Ce qui attise aussi la colère, c’est cette opération secrète. Déjà, les décisions concernant le moment, le lieu et la durée de la grève avaient été prises dans le secret à la centrale du syndicat, mais pour les négociations, même procédé. La direction de Ver.di n’a pas traité les postiers bien autrement que la direction de la poste ne le fait quotidiennement au travail…
Des directions syndicales qui jouent aux éteignoirs
Aurait-on pu obtenir davantage avec des grèves ? Sans avoir lutté, on ne peut pas le savoir. Il peut arriver de faire des compromis, mais un compromis de cet ordre, au moment même où la volonté de faire grève était déclarée, et avec la perspective d’actions communes avec d’autres branches, c’est capituler avant même la bataille ! Et ce n’est pas sans engendrer méfiance et frustration. C’est du moins ce qui s’exprime parmi les collègues de la poste, y compris les délégués de Ver.di, dont beaucoup n’ont pas ménagé leurs efforts pour mobiliser pour la grève et le vote. Ceux qui voient dans les patrons des syndicats, les « élites » et la politique, une seule et même mafia se sentiront confortés. Et si les idées d’extrême droite en sortent renforcées, personne n’en sera surpris.
Les postiers sont maintenant appelés à se prononcer sur le nouvel accord jusqu’au 30 mars. Il s’agit d’un vote sans débat organisé, sans assemblées de grève où l’on pourrait discuter ensemble du pour et du contre. L’organisation des discussions et la publication des résultats dépendront des militants syndicaux sur place. Mais en plus, l’accord n’est considéré comme rejeté que si plus de 75 % s’y opposent ! Selon les règles internes du syndicat Ver.di, c’est ce qu’il faut obtenir pour lancer une « grève coercitive » – ou « Erzwingungsstreik », c’est-à-dire une grève qui intervient après l’échec des négociations afin de faire adopter de nouvelles propositions de la part de l’employeur. Pour modifier la Constitution allemande, il faut les deux tiers des députés. Pour rejeter un compromis issu d’une opération secrète, il faut les trois quarts des travailleurs ! Les grèves sont pourtant à bien des égards plus déterminantes que la Constitution. Quoi qu’il en soit, les postiers n’ont pas encore dit leur dernier mot.

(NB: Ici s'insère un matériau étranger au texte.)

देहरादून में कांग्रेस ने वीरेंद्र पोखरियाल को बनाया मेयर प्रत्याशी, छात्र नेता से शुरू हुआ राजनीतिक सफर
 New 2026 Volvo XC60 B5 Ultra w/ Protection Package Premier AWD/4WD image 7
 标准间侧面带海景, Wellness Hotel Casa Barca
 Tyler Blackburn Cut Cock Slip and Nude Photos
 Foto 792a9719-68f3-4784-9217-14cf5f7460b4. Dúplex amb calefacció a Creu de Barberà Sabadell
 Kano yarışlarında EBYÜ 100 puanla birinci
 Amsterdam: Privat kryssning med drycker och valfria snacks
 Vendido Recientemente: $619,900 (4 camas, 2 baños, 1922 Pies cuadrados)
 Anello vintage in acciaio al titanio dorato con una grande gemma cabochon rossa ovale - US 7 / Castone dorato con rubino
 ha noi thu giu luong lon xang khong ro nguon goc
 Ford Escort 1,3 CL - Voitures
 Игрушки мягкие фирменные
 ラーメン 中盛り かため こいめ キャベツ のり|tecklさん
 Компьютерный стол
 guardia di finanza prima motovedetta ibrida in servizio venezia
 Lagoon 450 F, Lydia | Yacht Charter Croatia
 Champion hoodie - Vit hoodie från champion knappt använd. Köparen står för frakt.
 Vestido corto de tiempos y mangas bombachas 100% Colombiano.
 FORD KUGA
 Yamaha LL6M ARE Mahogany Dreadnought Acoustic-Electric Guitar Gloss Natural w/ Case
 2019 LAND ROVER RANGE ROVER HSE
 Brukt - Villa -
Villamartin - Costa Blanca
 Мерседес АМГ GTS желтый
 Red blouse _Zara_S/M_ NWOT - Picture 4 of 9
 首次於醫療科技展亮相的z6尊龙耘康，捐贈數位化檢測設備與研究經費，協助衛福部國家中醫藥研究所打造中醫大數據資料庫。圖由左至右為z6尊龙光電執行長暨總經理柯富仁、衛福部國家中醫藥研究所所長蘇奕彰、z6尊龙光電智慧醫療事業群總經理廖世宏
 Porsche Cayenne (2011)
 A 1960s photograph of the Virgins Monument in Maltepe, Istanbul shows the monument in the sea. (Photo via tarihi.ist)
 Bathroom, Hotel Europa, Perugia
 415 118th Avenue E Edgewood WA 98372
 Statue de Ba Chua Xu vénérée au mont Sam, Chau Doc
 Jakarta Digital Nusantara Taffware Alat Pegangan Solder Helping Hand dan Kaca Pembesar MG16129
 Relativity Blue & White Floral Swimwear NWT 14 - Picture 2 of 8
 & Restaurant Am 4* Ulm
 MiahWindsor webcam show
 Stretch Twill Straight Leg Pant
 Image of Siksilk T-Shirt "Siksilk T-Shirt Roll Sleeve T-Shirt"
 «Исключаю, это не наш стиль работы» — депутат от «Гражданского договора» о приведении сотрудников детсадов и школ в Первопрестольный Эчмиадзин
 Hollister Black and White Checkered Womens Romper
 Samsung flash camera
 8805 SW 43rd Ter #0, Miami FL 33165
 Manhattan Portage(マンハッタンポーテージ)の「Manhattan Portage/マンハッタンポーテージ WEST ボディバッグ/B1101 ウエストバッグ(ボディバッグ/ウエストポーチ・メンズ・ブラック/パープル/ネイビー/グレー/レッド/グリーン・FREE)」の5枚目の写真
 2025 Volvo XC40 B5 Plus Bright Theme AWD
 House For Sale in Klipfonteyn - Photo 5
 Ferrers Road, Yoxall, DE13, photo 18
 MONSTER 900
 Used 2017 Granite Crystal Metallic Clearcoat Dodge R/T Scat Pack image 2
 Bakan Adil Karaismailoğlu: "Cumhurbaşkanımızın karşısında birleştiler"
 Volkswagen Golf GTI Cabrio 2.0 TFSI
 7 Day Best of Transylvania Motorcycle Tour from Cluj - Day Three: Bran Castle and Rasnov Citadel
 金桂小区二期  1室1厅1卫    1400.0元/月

Des discussions sont en cours parmi les salariés de la poste, des campagnes pour le « non » sont menées. Parmi les travailleurs du secteur public, des chemins de fer et des bus, la proposition de la Deutsche Post est également discutée. La section de jeunesse du syndicat des chemins de fer et des transports EVG s’est ouvertement positionnée contre la proposition finale de la poste. Mais au-delà, la lutte pour la démocratie ouvrière et pour les grèves reste une tâche importante, y compris dans les négociations, avec la transparence qui s’impose et des votes parmi les grévistes à chaque étape. Chaque pas dans cette direction, même modeste, serait déterminant.